For this assignment, I have written an MPI main program that accepts as a command-line argument a number $ N$ representing the size of the array to sort. The program generates an array of $ N$ integers, sorts it, and compares the results to a correct sort. It also times the sorting step and prints the results. The actual sorting is done in functions masterProcess() (running in process 0) and slaveProcess() (running in all other processes). As currently written, the slaveProcess() function does nothing, and all the work of sorting is done in masterProcess() -- i.e., the program is currently a sequential sort.

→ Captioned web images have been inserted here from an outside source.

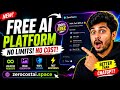100% FREE AI API 🤯 Unlimited Requests Forever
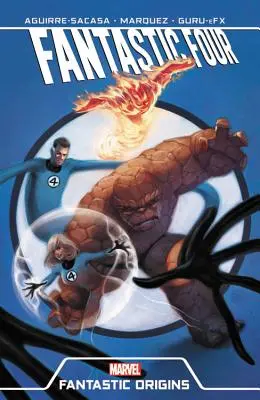Cei patru fantastici: Origini fantastice - Fantastic Four: Fantastic Origins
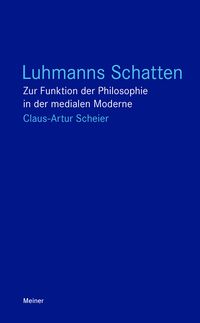 Produktbild: Luhmanns Schatten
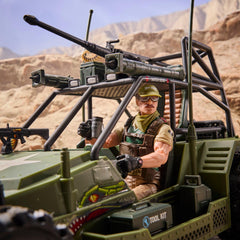 G.I. Joe Classified Series #171, Crankcase & A.W.E. Striker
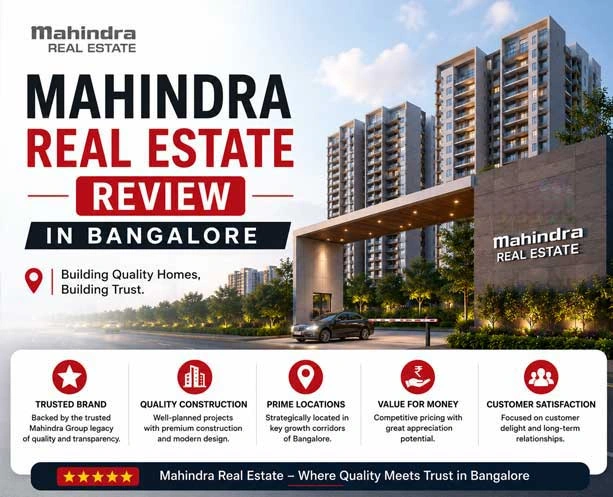 Mahindra Sadahalli Review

You can obtain code for the starter program by downloading the following files:

To compile the program, use the command
make bsort
Run the executable (named bsort) as you would run any other MPI program with a command-line argument; e.g., to run it with one process and sorting 1000 numbers, use this command:
mpirun -np 1 bsort 1000
The provided code also includes some examples of adding ``debug print'' statements that can be included/excluded at compile time (look up #ifdef in a C/C++ textbook to learn more about this). By default, these statements are included; to include them, compile as follows:
make DEBUG= bsort
You may find this feature useful for adding your own debug print statements; then you can easily turn them on (for debugging) and off (for collecting timing information) simply by varying the command you use to compile.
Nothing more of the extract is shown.